Skip Walker

No. 32, 33
- Position: Running back

Personal information
- Born: September 11, 1954 Houston, Texas, U.S.
- Died: April 13, 2022 (aged 67)
- Height: 5 ft 9 in (1.75 m)
- Weight: 191 lb (87 kg)

Career information
- High school: Del Valle (TX)
- College: Texas A&M
- NFL draft: 1976: 11th round, 311th overall pick

Career history
- 1976: Houston Oilers*
- 1978: Toronto Argonauts*
- 1979: Montreal Alouettes*
- 1979–1980: Saskatchewan Roughriders*
- 1980–1981: Montreal Alouettes
- 1982–1984: Ottawa Rough Riders
- 1985: Green Bay Packers*
- * Offseason and/or practice squad member only

Awards and highlights
- 2× CFL rushing yards leader (1982–1983); 2× CFL All-Star (1982, 1983); 3× CFL East All-Star (1980, 1982, 1983); All-SWC (1972); Second-team All-SWC (1973);

= Skip Walker =

American football player (1954–2022)

Alvin Ray "Skip" Walker (September 11, 1954 – April 13, 2022) was an American professional football player who was a running back for five seasons in the Canadian Football League (CFL) for the Montreal Alouettes and Ottawa Rough Riders, including two seasons where he led the CFL in rushing yards in 1982 and 1983. He was named a CFL All Star in 1982 and 1983, and a CFL East All-Star in 1980, 1982 and 1983. He played college football for the Texas A&M Aggies and was selected in the 11th round of the 1976 NFL draft by the Houston Oilers. He also spent time with the Toronto Argonauts, Saskatchewan Roughriders, and Green Bay Packers.
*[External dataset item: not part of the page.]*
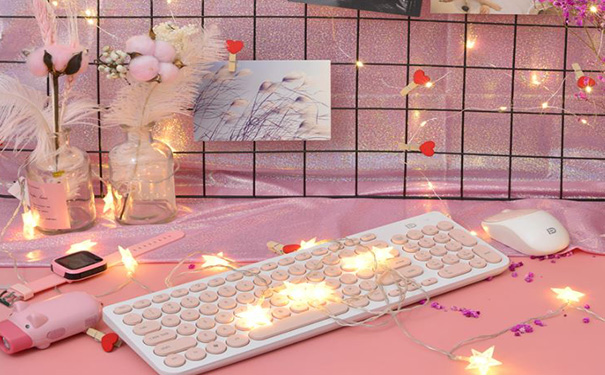 小紅書種草應(yīng)該怎么做？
==Early life and education==
Walker was born on September 11, 1954, in Houston, Texas. He attended Del Valle High School in Travis County, Texas, where he competed in football, track, and basketball. His coach Tom Walker described him as "the best athlete I've ever coached." In football, Walker averaged over 100 yards per game.

Walker committed to Texas A&M University in February 1972. As a freshman, Walker started in eight games for the Texas A&M football team, and placed third in rushing with 78 carries for 311 yards and three touchdowns. In a 45–10 win over SMU as a sophomore, Walker ran for 181 yards and scored two touchdowns. He finished the year with 98 rushes, 618 rushing yards and 8 touchdowns, as well as 10 receptions for 233 yards; he was named all-conference by the Fort Worth Star-Telegram.
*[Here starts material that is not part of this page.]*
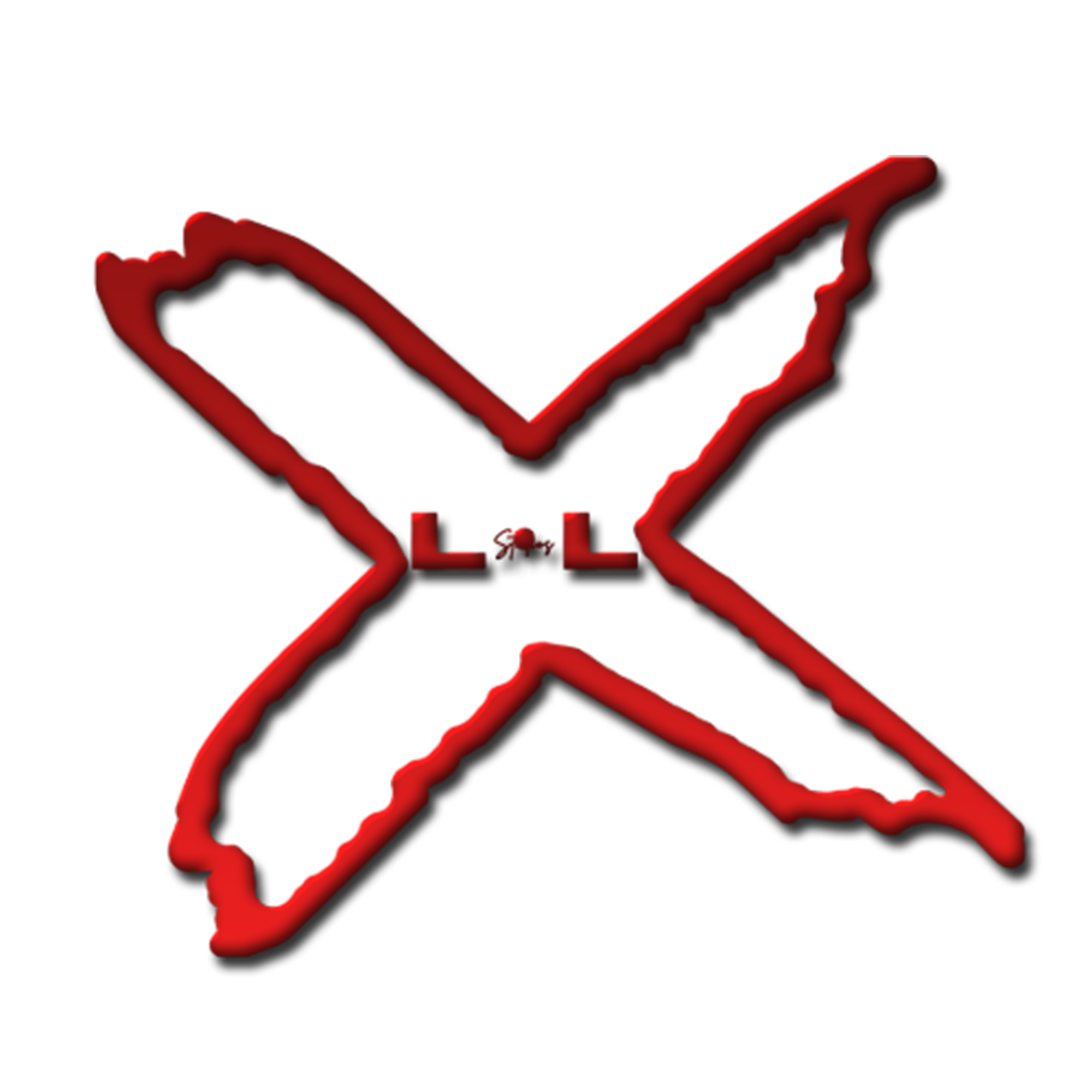 X - FOR CREATORS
In the third game of his junior year, Walker scored three touchdowns and ran for 53 yards in a win over Washington. Two weeks later, against Texas Tech, he compiled 181 rushing yards on 21 carries and scored three touchdowns in the second quarter alone. By week six, he had become the conference's leading rusher, with teammate Bubba Bean in second place. He finished the season with 98 rushing attempts for 550 yards and 8 touchdowns. He also recorded 2 receptions for 73 yards and 1 touchdown. He was named honorable mention All-Southwest Conference (SWC) by United Press International.

As a senior, Walker helped Texas A&M start off 10–0 and finish as conference co-champions with a record of 10–2. He ended the season with 97 rushing attempts for 399 yards and four touchdowns, while also recording 6 receptions for 171 yards and 1 touchdown. He finished his college career with 371 rushing attempts for 1,878 yards and 23 touchdowns while also recording 24 receptions for 523 yards and 2 touchdowns.

Walker was nicknamed "Skip." "My dad was a military man and called us by names like Captain, Chief, Skipper etc. The name Skip was used frequently for me. When Texas A&M Coach Emory Bellard recruited me and came to the house, he heard my folks calling me Skip so when I got to university, Coach Bellard called me Skip from day one. In fact, the name on the back of my jersey was "S. Walker." The rest is history," he said.

==Professional career==
After graduating, Walker was selected in the 11th round (311th overall) of the 1976 NFL draft by the Houston Oilers. His contract with the Oilers was negotiated by his father, as he did not hire an agent. He was released in training camp. While a free agent, Walker was a football coach and teacher at Levi Fry Junior High School in Texas City, Texas, while continuing to work out.

In 1978, Walker briefly had a stint with the Toronto Argonauts of the Canadian Football League (CFL), but did not make the final roster.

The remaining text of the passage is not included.